On May 6, the fully written down AT1 (Additional Tier 1) bonds, worth Rs 8,415 crore, helped Yes Bank post a surprise profit of Rs 2,629 crore in the January-March quarter (a loss of Rs3,668 crore if one excludes this component).
But the case, which also involves scores of retail bond holders who lost money in these instruments on account of alleged mis-selling, is likely to return to haunt Yes Bank.

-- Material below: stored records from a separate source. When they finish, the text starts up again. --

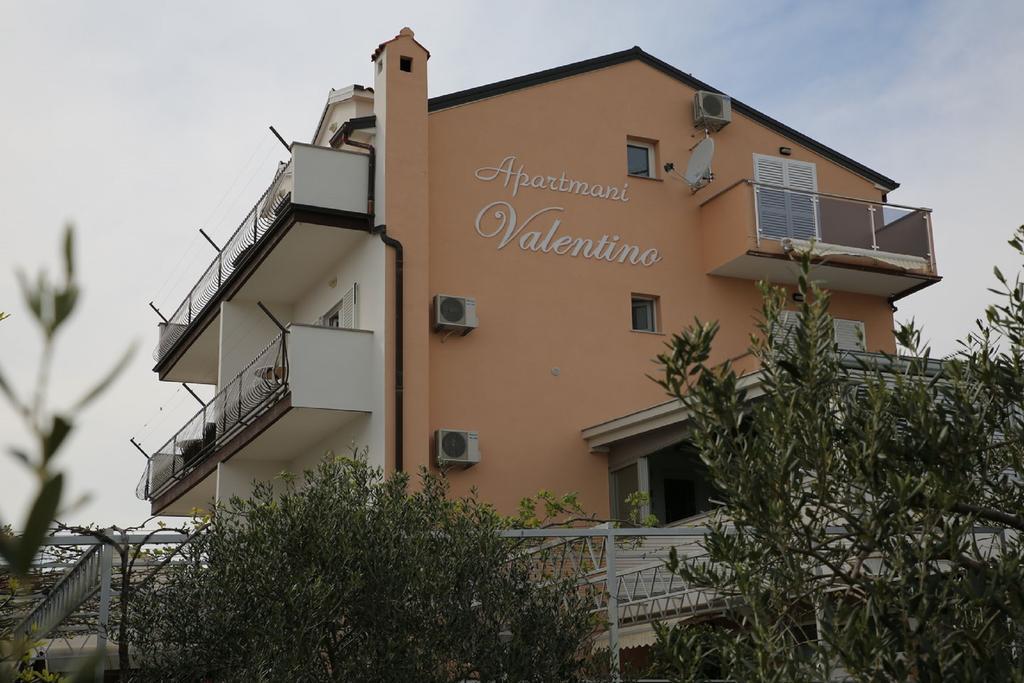 Apartments Valentino Vodice Bagian luar foto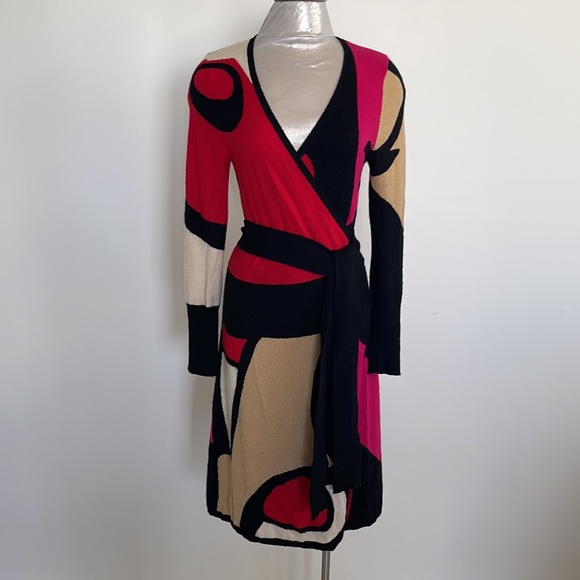 Diane Von Furstenberg 100% cashmere dress size M all stretch fits size 4-8 - Picture 2 of 5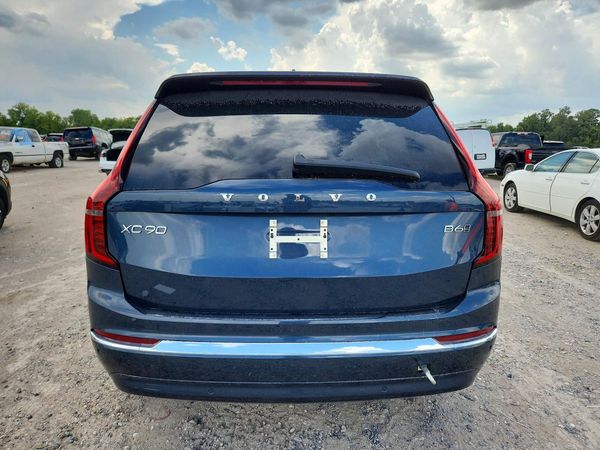 2026 VOLVO XC90 Plus Bright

AT1 securities are a type of contingent convertible bonds designed after the financial crisis to try to ensure that investors would be on the hook if a bank runs into financial stress.
Alleged ‘mis-selling’ of these bonds to retail bond holders by Yes Bank’s executives is likely to be made part of an existing petition in the High Court of Bombay filed by Axis Trustee, said one of its senior officials, which is representing the AT1 bond holders of Yes Bank.
Yes Bank’s retail bond holders alleged that bank executives sold these instruments to them pitching these perpetual bonds as ‘super FDs’ offering safety and relatively high return compared with regular fixed deposits.
“We have received phone calls and emails from retail bond holders alleging mis-selling of these bonds,” said the official who spoke on condition of anonymity. “We have forwarded these details to our legal team who will make this part of the petition when the next hearing happens,” the official added.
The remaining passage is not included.